Wednesday, January 24, 2007

Tallulah laments, 10 principles of the 1977 National Energy Plan

Almost 30 years ago, President Carter laid out these principles...wonder what would have happened if we had kept going on this.

The first principle is that we can have an effective and comprehensive energy policy only if the government takes responsibility for it and if the people understand the seriousness of the challenge and are willing to make sacrifices.

The second principle is that healthy economic growth must continue. Only by saving energy can we maintain our standard of living and keep our people at work. An effective conservation program will create hundreds of thousands of new jobs.

The third principle is that we must protect the environment. Our energy problems have the same cause as our environmental problems -- wasteful use of resources. Conservation helps us solve both at once.

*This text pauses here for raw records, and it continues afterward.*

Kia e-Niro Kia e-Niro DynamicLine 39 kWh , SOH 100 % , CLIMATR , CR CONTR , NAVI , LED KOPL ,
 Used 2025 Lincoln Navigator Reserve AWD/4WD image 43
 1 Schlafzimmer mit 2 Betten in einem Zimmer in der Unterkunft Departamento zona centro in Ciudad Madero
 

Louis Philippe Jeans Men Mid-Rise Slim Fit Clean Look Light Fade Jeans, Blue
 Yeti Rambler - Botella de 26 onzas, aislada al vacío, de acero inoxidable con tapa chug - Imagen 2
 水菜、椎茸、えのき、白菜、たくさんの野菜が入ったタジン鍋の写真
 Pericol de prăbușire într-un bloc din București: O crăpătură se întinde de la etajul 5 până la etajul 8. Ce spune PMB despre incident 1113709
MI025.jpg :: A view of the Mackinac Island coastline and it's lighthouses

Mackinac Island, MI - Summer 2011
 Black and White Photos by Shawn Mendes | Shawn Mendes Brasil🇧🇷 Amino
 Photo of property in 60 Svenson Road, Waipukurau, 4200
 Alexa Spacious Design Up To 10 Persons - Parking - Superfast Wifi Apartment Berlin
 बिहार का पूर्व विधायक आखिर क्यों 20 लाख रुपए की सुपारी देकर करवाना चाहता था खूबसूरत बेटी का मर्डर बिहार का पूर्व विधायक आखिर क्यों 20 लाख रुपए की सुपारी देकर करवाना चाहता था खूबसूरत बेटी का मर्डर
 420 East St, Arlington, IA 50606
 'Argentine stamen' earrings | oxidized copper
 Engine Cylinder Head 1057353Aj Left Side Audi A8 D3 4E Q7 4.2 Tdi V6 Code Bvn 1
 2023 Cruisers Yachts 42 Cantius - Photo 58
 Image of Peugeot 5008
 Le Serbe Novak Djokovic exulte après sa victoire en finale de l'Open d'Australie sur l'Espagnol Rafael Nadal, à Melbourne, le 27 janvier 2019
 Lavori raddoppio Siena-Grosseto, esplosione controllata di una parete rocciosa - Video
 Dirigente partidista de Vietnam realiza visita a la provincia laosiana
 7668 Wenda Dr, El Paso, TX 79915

The fourth principle is that we must reduce our vulnerability to potentially devastating embargoes. We can protect ourselves from uncertain supplies by reducing our demand for oil, making the most of our abundant resources such as coal, and developing a strategic petroleum reserve.

The fifth principle is that we must be fair. Our solutions must ask equal sacrifices from every region, every class of people, every interest group. Industry will have to do its part to conserve, just as the consumers will. The energy producers deserve fair treatment, but we will not let the oil companies profiteer.

The sixth principle, and the cornerstone of our policy, is to reduce the demand through conservation. Our emphasis on conservation is a clear difference between this plan and others which merely encouraged crash production efforts. Conservation is the quickest, cheapest, most practical source of energy. Conservation is the only way we can buy a barrel of oil for a few dollars. It costs about $13 to waste it.

The seventh principle is that prices should generally reflect the true replacement costs of energy. We are only cheating ourselves if we make energy artificially cheap and use more than we can really afford.

The eighth principle is that government policies must be predictable and certain. Both consumers and producers need policies they can count on so they can plan ahead. This is one reason I am working with the Congress to create a new Department of Energy, to replace more than 50 different agencies that now have some control over energy.

The ninth principle is that we must conserve the fuels that are scarcest and make the most of those that are more plentiful. We can't continue to use oil and gas for 75 percent of our consumption when they make up seven percent of our domestic reserves. We need to shift to plentiful coal while taking care to protect the environment, and to apply stricter safety standards to nuclear energy.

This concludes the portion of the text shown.